Sur papier, le casque de réalité virtuelle le plus avancé n'a pas été conçu aux États-Unis ou en Asie, mais plutôt rue Sainte-Catherine, à Montréal. Le Totem, de Vrvana, se distingue de ses concurrents par son ambition.

Publié le 12 févr. 2016
Jean-François Codère LA PRESSE

C'est que le Totem n'est pas qu'un « casque de réalité virtuelle ». Il fait aussi dans la réalité augmentée, grâce à ses deux caméras placées à l'avant, une particularité unique.

La réalité virtuelle isole l'utilisateur du monde qui l'entoure. La réalité augmentée, elle, ajoute des éléments virtuels à l'environnement réel. Le Totem peut jouer sur les deux tableaux, selon que l'on utilise ou non ses caméras à l'avant.

« C'est le premier élément qui nous distingue de nos concurrents », explique Marc-Olivier Lepage, chef des opérations et cofondateur de l'entreprise.

« Ça permet aussi de revenir rapidement à la réalité en cas de besoin en activant les caméras avec un bouton, plutôt que de devoir enlever le casque. »

Les caméras permettent aussi au Totem de se repérer dans l'espace et, donc, de mieux reproduire les déplacements, sans employer d'appareil externe, comme ses rivaux Oculus Rift et HTC Vive.

Mais ce n'est pas la seule différence. Même les casques de réalité virtuelle les plus évolués ne sont essentiellement constitués que d'un écran et de capteurs. Le Totem, lui, ajoute un processeur qui lui permet de réduire certains délais de traitement d'image, entre autres.

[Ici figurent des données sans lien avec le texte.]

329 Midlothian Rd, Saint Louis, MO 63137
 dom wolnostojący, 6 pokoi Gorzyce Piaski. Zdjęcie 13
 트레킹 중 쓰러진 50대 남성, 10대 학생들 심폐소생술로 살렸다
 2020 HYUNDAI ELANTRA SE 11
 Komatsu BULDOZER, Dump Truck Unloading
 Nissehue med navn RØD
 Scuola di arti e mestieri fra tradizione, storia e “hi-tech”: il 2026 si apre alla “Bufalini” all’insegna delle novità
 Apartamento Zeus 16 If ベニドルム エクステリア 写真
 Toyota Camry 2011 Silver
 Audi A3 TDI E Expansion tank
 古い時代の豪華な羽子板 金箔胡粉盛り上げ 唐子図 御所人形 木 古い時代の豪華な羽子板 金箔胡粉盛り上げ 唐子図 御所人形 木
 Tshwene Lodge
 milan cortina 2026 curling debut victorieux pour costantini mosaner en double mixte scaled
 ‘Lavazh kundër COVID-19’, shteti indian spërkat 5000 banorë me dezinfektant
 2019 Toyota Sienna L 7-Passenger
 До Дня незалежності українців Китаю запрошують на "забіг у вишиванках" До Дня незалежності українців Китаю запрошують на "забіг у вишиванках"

Dans le monde de la réalité augmentée, le Totem devra notamment rivaliser avec HoloLens, de Microsoft. Il dispose pour cela d'un avantage technique important, puisque son champ de vision est nettement plus grand.

DEUX MARCHÉS, DEUX STRATÉGIES

À quand la mise en marché d'un premier Totem ? La réponse dépend du client. C'est que Vrvana cible deux marchés, celui des consommateurs et celui des entreprises.

« Pour les consommateurs, ce sera difficile d'y aller par nous-mêmes. Notre plan est de nous associer à un grand fabricant pour faire soit un ensemble complet, soit un ensemble auquel on ajoute un téléphone intelligent comme le Gear VR. »

De sérieuses démarches sont déjà en cours en ce sens. Les cofondateurs de Vrvana ont passé les trois derniers mois de 2015 dans la Silicon Valley et l'un d'eux est en Asie, précisément dans ce but.

« Tout dépend de la vitesse à laquelle on pourra en venir à une entente, indique M. Lepage. Si tout va très bien, peut-être qu'on pourrait lancer quelque chose à la fin de l'année. »

Dans le marché des entreprises, les possibilités sont nombreuses : simulation, formation, travail collaboratif, etc. De grandes entreprises ont déjà manifesté leur intérêt et Vrvana estime qu'elle pourra faire cavalier seul dans ce créneau.

La prochaine étape sera la production d'une petite série d'un nouveau prototype, à la fin d'avril ou au début de mai.

LE TOTEM DE VRVANA

Confort 

Le modèle testé s'ajuste bien et est léger. La possibilité de voir devant soi par le truchement des caméras aide à se sentir à l'aise.

Équipement nécessaire

Un ordinateur puissant

Prix

Inconnu

Qualité générale

L'équipe de Vrvana a encore certains problèmes à résoudre, et il faudra voir le prix, mais son produit se distingue par son ambition.